This query is very similar to what we ended up with in the previous chapter. The
key differences are:

- We use `WITH RECURSIVE` to indicate some CTEs use recursion.
- We add a query that fetches the set of output nodes. These are all nodes that
  do not have an outgoing edge.
- The recursive CTE in question is `tx`, which is split in a base case and a
  recursion step.
- The base case corresponds to $t_1$ of the FO(SUM) term.
- The recursion step corresponds to the term $t_l$.
- When we calculate $t_{out}$, we join on the set of output nodes, since these are
  the only values we are ultimately interested in.

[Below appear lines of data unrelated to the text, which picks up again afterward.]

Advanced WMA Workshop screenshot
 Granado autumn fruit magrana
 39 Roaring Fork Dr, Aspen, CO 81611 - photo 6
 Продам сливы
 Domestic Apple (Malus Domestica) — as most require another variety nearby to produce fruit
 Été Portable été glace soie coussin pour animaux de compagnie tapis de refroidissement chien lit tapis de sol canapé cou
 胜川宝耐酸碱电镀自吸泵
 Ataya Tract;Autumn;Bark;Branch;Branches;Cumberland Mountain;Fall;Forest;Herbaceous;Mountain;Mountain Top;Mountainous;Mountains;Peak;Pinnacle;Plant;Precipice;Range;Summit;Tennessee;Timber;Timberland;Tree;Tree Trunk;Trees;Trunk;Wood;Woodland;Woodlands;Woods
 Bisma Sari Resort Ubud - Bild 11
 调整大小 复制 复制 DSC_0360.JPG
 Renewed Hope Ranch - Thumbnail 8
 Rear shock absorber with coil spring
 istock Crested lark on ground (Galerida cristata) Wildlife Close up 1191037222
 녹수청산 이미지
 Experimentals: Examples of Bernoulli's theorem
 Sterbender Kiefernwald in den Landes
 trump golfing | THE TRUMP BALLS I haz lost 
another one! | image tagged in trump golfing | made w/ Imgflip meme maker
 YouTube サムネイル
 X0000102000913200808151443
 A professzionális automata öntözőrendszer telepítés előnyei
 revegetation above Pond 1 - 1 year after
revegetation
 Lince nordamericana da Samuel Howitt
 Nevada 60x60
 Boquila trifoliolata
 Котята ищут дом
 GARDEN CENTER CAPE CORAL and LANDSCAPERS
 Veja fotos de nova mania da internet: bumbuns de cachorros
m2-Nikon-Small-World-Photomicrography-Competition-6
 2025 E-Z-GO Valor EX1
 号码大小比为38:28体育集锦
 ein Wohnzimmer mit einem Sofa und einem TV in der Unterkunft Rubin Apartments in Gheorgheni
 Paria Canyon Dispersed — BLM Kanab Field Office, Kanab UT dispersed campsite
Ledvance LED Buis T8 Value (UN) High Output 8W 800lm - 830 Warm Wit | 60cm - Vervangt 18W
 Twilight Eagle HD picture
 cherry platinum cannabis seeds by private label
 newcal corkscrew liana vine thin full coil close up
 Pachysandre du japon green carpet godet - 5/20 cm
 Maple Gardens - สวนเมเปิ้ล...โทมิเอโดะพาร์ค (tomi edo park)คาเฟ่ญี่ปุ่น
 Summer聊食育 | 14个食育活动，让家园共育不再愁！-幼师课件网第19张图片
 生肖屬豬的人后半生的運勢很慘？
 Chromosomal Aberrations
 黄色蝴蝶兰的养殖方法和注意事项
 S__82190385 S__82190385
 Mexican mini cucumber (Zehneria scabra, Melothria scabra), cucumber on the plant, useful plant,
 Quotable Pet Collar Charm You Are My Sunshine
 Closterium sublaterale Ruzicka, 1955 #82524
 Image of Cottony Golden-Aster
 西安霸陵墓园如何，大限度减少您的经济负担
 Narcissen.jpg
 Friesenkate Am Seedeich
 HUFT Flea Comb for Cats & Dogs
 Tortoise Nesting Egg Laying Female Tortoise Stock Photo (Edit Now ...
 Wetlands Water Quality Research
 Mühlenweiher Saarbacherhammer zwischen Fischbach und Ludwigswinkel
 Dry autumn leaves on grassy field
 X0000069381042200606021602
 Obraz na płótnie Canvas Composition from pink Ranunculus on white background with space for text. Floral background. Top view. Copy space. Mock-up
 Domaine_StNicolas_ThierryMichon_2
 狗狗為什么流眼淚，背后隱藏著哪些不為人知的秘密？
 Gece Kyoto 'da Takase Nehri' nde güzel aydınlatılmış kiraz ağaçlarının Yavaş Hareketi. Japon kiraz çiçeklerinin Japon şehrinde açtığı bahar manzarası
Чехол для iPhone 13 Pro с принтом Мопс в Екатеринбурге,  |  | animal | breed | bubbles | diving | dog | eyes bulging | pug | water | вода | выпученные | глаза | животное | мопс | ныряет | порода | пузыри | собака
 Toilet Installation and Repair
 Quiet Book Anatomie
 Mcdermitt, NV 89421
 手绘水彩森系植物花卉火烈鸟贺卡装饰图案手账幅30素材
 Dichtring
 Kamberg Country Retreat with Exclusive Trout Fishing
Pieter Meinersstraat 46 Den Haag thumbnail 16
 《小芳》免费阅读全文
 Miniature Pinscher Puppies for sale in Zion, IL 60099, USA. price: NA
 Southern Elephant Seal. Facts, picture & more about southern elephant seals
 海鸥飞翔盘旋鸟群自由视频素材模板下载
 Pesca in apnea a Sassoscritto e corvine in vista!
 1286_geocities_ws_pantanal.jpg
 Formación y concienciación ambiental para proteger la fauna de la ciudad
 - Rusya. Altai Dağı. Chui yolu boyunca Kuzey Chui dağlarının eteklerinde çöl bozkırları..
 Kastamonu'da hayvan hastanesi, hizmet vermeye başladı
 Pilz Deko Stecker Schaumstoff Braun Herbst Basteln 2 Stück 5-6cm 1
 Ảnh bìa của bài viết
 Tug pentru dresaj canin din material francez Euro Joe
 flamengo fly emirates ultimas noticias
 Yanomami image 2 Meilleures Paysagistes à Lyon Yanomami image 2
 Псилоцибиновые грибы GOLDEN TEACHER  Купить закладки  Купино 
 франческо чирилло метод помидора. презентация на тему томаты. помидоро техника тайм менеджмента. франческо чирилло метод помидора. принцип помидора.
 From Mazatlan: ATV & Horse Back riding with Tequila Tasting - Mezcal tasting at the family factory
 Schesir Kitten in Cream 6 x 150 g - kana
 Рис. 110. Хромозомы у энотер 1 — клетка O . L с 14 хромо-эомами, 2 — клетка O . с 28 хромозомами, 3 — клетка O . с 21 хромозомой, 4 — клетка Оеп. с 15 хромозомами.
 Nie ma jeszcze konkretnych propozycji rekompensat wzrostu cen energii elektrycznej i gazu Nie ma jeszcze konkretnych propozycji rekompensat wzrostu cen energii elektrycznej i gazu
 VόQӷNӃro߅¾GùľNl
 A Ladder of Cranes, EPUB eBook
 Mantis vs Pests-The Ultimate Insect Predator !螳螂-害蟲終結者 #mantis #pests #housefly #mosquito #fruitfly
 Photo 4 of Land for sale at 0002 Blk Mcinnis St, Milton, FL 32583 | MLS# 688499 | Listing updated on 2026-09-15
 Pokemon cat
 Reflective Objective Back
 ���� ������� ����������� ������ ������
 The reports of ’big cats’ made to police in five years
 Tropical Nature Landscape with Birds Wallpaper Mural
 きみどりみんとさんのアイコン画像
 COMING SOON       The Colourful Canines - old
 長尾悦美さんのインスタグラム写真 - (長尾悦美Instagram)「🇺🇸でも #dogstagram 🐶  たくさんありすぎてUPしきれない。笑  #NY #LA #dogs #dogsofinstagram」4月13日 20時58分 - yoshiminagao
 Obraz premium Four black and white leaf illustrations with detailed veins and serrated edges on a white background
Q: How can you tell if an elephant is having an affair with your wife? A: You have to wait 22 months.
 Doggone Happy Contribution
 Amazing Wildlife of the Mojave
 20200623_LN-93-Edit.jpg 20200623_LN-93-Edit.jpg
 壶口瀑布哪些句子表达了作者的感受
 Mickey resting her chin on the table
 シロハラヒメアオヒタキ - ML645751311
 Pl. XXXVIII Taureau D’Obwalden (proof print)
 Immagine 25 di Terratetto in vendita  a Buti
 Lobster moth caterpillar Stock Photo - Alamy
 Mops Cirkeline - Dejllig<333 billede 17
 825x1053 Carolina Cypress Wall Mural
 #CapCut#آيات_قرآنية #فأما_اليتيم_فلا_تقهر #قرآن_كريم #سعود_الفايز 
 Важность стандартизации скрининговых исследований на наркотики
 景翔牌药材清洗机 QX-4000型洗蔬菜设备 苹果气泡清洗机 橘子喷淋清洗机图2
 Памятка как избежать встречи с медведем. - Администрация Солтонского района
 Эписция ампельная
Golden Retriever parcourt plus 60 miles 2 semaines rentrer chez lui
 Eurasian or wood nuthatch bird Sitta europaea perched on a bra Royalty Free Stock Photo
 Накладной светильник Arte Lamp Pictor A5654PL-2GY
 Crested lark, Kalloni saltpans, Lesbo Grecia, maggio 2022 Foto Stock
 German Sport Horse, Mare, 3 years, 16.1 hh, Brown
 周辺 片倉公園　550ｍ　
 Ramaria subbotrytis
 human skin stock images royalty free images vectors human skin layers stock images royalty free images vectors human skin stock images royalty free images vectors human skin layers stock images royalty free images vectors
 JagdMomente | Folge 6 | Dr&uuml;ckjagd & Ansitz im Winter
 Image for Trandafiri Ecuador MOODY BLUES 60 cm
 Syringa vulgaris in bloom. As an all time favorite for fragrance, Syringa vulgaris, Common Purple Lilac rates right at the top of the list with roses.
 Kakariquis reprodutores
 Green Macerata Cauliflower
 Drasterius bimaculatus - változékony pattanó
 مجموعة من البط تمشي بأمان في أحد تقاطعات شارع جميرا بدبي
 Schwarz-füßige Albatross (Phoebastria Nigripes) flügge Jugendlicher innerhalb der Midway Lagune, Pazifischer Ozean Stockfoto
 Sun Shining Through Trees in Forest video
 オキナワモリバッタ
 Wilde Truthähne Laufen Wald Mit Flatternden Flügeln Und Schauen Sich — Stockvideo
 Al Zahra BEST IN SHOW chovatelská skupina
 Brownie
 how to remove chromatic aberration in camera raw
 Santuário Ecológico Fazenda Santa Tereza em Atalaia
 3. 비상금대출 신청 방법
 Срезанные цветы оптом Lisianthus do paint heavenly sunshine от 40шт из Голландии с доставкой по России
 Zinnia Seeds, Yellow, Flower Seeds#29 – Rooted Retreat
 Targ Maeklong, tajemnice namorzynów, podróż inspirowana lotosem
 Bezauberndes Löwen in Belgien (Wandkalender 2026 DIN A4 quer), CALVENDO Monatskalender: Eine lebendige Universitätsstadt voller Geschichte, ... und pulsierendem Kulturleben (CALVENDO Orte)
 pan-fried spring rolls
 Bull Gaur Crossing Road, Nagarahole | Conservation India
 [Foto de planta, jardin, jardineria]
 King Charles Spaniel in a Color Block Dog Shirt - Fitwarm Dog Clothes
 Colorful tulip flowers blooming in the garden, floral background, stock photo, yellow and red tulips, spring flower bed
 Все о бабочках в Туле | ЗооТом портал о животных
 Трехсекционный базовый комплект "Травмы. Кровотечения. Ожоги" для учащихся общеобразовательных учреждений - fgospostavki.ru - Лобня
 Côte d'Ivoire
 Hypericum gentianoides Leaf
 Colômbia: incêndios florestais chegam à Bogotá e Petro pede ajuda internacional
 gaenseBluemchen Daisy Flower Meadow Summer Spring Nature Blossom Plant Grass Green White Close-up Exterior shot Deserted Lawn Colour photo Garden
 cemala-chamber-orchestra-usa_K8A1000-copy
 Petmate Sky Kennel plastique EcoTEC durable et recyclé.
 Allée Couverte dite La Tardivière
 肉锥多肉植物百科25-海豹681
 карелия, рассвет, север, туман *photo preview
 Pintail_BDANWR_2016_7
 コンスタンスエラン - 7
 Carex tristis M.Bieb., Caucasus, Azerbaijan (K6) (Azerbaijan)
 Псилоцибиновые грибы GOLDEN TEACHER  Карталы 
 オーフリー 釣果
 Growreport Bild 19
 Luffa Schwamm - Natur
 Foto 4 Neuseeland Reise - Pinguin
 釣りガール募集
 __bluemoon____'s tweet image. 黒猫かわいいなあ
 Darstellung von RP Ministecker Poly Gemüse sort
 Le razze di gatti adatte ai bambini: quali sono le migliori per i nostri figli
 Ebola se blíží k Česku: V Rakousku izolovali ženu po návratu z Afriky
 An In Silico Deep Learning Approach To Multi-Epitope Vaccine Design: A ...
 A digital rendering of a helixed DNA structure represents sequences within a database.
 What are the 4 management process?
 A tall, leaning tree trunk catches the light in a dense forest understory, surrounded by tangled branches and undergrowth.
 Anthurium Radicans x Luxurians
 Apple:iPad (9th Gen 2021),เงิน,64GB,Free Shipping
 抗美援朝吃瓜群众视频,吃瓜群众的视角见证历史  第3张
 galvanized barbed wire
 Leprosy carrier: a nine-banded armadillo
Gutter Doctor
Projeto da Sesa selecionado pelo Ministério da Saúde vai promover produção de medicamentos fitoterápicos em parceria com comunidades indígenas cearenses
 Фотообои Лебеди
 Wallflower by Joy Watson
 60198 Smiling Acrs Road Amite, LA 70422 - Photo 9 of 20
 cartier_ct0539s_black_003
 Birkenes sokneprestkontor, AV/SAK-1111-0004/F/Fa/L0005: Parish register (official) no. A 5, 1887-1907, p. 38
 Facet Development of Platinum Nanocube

Translating this query to code is straightforward. We copy it as-is, only adding
some logic to specify the input values.

In [2]:
def eval_nn(input_value):
    input_clauses = []
    for input_set, input in enumerate(input_value):
        for i,_ in enumerate(input):
            input_clauses.append(f"""
                SELECT
                    {input_set} AS input_set_id,
                    {i + 1} AS input_node_idx,
                    ? AS input_value
            """)

    query = f"""
        WITH RECURSIVE input_values AS (
            {" UNION ".join(input_clauses)}
        ),
        input_nodes AS (
            SELECT
                id,
                bias,
                ROW_NUMBER() OVER (ORDER BY id) AS input_node_idx
            FROM node
            WHERE id NOT IN
            (SELECT dst FROM edge)
        ),
        output_nodes AS (
            SELECT id
            FROM node
            WHERE id NOT IN
            (SELECT src FROM edge)
        ),
        tx AS (
            -- Base case (t1)
            SELECT
                v.input_set_id AS input_set_id,
                GREATEST(
                    0,
                    n.bias + SUM(e.weight * v.input_value)
                ) AS value,
                e.dst AS id
            FROM edge e
            JOIN input_nodes i ON i.id = e.src
            JOIN node n ON e.dst = n.id
            JOIN input_values v ON i.input_node_idx = v.input_node_idx
            GROUP BY e.dst, n.bias, v.input_set_id

            UNION ALL

            -- Recursive case
            SELECT
                tx.input_set_id AS input_set_id,
                GREATEST(
                    0,
                    n.bias + SUM(e.weight * tx.value)
                ) AS value,
                e.dst AS id
            FROM edge e
            JOIN tx ON tx.id = e.src
            JOIN node n ON e.dst = n.id
            GROUP BY e.dst, n.bias, tx.input_set_id
        ),
        -- As the last step, repeat the calculation for the output nodes, but omit the
        -- ReLU this time (per definition)
        t_out AS (
            SELECT
                tx.input_set_id AS input_set_id,
                n.bias + SUM(e.weight * tx.value) AS value,
                e.dst AS output_node_id
            FROM edge e
            JOIN output_nodes o ON e.dst = o.id
            JOIN node n ON o.id = n.id
            JOIN tx ON tx.id = e.src
            GROUP BY e.dst, n.bias, tx.input_set_id
        )
        SELECT * FROM t_out ORDER BY input_set_id, output_node_id;
    """

    args = []
    for input_set in input_value:
        for value in input_set:
            args.append(value)

    results = [[] for _ in range(0, len(input_value))]
    for row in db.con.execute(query, args).fetchall():
        (input_set_id, output, output_node_id) = row
        results[input_set_id].append(output)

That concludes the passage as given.